Contudo, rebobinemos de volta àquela curta tão marcante, esse ponto de génese na carreira de duas grandes artistas. Qual variação das aventuras de “Alice no País das Maravilhas” e “Através do Espelho,” a história do filme centra-se na viagem surreal de uma jovem transportada para um mundo mágico. Só que, ao invés de seguir um coelho com relógio de bolso ou mergulhar no reflexo, a heroína de “Caprice” encontra a passagem para outra dimensão nas páginas de uma revista de moda. É daí que vem o título, sendo “Caprice” o nome da magazine preferida da sujeita chamada Lucky.

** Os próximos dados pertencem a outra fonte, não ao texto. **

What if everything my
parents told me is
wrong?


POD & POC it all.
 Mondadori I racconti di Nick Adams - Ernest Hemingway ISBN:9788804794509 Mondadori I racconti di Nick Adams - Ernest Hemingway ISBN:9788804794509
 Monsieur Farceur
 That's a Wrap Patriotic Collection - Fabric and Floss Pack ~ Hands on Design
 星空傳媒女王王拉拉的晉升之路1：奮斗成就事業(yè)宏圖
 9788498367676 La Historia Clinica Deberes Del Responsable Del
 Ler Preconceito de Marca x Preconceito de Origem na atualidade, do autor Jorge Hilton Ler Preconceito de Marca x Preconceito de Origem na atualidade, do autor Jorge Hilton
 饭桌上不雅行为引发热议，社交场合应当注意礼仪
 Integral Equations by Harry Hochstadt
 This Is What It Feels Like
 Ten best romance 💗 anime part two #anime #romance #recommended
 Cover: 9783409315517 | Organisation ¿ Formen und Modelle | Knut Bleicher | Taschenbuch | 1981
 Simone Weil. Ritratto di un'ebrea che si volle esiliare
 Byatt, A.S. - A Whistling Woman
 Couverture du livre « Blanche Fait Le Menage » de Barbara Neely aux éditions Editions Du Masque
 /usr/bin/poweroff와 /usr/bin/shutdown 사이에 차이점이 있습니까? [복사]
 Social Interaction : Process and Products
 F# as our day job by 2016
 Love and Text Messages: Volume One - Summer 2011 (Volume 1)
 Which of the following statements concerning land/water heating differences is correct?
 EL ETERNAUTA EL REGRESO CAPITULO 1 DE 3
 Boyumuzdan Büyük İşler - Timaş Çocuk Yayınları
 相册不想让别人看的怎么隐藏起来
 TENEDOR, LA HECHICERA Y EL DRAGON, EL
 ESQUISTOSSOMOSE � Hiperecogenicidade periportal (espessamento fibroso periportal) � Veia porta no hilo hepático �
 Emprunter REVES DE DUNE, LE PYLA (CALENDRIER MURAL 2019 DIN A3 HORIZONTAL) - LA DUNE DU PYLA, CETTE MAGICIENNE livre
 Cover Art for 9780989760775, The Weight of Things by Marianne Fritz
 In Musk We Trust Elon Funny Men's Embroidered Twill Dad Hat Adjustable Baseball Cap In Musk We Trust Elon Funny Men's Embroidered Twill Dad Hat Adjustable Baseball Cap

Tantas vezes ela compra essa publicação que o vendedor de quiosque a recebe como um taberneiro felicita aquele cliente habitual que pede sempre a mesma bebida. Não que Lucky aparente ser uma fanática da moda e das novas tendências. Num gesto meio caricaturado, ela é uma visão de longos cabelos ruivos e olhos esbugalhados, óculos grandes e um figurino sem expressão ou personalidade. Sua odisseia pela revista leva a uma mudança de visual, uma gradual transformação da jovem em mais uma de tantas modelos em cenários inusitados. Ela passa de um tipo de anonimato a outro, expondo quão vazio o glamour pode ser.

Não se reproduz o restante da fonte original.